EXERCISE BRIEF – The material below includes pictures; leave them out and return only the lines between the line containing "2025 Ford Explorer Active - miniatura 5" and the line containing "Perceel VWD02-H-7780", inclusive, word for word.

─── RECORDS ───

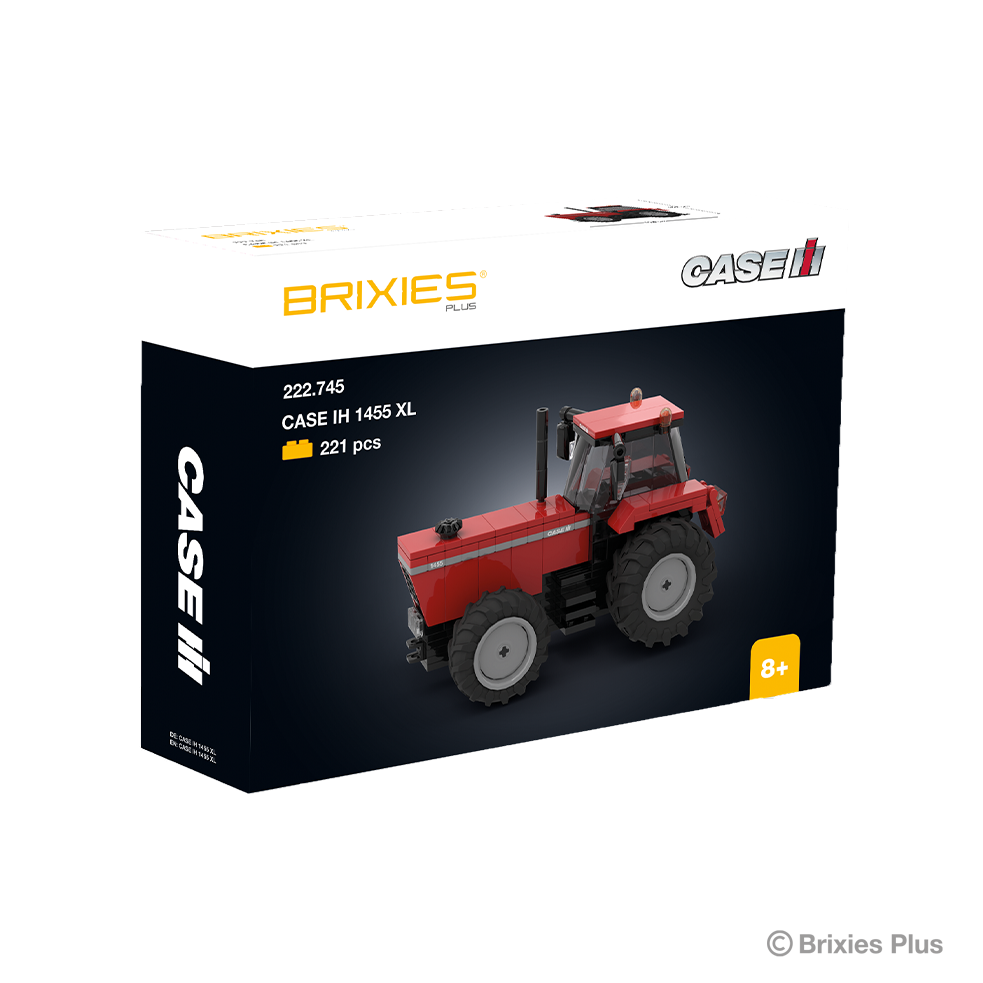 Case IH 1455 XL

───
─── RECORDS ───

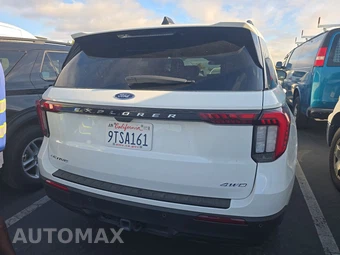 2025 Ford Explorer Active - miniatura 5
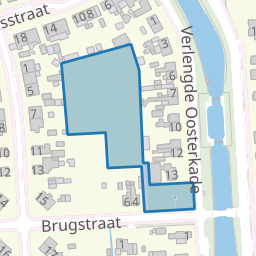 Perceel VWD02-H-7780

───
─── RECORDS ───

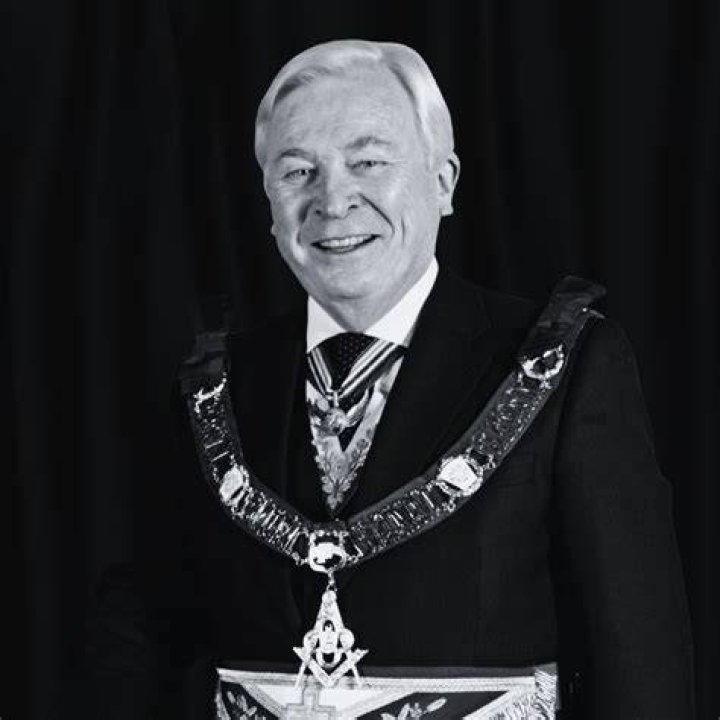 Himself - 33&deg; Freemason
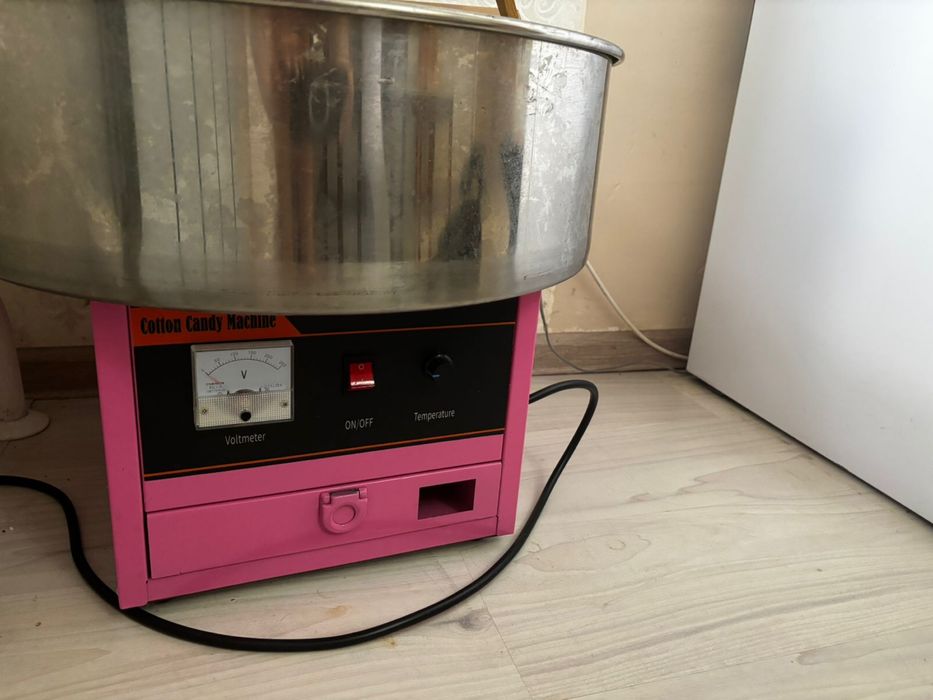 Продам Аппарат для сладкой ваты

───

RESPONSE AREA –
 2025 Ford Explorer Active - miniatura 5
 Perceel VWD02-H-7780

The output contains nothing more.